Thursday, 31 August 2023
Boundary Waters (Hyatt Regency Minneapolis)
Ali Tokay, University of Maryland Baltimore County, Greenbelt, MD; and C. N. Helms, D. B. Wolff, D. Cerrai, and A. C. Spaulding

This study investigates radar snowfall relationships, known as SWER(Ze), utilizing the Precipitation Imaging Package (PIP) and collocated in-situ and remote sensing measurements collected during Investigation of Microphysics and Precipitation for Atlantic Coast Threatening Snowstorms (IMPACTS) field campaign. The measurement site, Storrs, Connecticut, receives wintery precipitation from frontal systems and nor’easters and its proximity to the Atlantic Ocean often results in mixed-phase precipitation. The SWER(Ze) relationships have been previously derived based on snow density and habit classifications and dendrites and plates were the two major habits in these studies. This is still the case for a number of events but graupel, needle and wet snow categories contributed to the habit classification significantly in a number of other events making this dataset more diverse than the previous sites in South Korea and Marquette, Michigan. A number of mixed-phase events had contributions from all 6 habit classes including rain, showing the complicated nature of SWER(Ze) relationship. The multiple habits exists at the same temperature or wet-bulb temperature such that it is hard to distinguish the SWER(Ze) relationship based on environmental variables. From an operational point of view, weather radars use SWER(Ze) relationships based on their measured variables.

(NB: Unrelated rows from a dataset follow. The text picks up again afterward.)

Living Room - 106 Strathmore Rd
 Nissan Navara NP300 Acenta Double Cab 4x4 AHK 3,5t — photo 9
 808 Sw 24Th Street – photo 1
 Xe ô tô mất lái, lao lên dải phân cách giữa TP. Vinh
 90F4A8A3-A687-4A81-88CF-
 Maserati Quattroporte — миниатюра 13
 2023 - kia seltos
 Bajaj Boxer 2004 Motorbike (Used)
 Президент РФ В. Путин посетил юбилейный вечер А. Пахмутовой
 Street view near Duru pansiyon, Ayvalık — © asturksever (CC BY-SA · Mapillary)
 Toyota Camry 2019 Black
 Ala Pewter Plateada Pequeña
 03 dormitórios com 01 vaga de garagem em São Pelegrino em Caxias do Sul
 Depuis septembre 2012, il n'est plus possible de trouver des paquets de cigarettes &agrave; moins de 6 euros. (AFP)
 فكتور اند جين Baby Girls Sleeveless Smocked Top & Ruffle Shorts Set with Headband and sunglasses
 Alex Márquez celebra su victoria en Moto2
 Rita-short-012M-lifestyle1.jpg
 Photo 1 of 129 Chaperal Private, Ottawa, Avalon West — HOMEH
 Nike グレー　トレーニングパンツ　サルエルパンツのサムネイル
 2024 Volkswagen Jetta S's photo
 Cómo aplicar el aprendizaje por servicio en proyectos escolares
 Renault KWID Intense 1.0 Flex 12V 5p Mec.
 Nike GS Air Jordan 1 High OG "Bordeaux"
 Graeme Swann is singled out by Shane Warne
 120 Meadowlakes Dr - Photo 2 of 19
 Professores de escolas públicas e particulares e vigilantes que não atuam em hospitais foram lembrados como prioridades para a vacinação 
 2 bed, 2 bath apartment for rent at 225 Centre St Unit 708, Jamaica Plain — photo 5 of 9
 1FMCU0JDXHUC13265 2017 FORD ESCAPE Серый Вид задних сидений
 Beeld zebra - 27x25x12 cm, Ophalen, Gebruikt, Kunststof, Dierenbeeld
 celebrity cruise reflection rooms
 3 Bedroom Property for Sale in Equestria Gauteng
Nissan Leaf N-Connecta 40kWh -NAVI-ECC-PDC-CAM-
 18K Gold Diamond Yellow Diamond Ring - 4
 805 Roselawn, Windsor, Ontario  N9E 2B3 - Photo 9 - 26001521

This study simulates the four major radar variables (reflectivity, differential reflectivity, differential phase, and cross-correlation) utilizing newly developed PIP software where the particle aspect ratios and orientation have been greatly improved by the use of new shape-fitting algorithm. The PIP simulated radar variables are then used to determine the hydrometeor identification (HID) following Thomson et al. (2014) algorithm. The SWER(Ze) relationships have then been derived for each HID and evaluated on an event-by-event basis. This novel and innovative approach has potential to improve the quantitative precipitation estimation as long as the PIP-simulated and radar-measured variables matches well.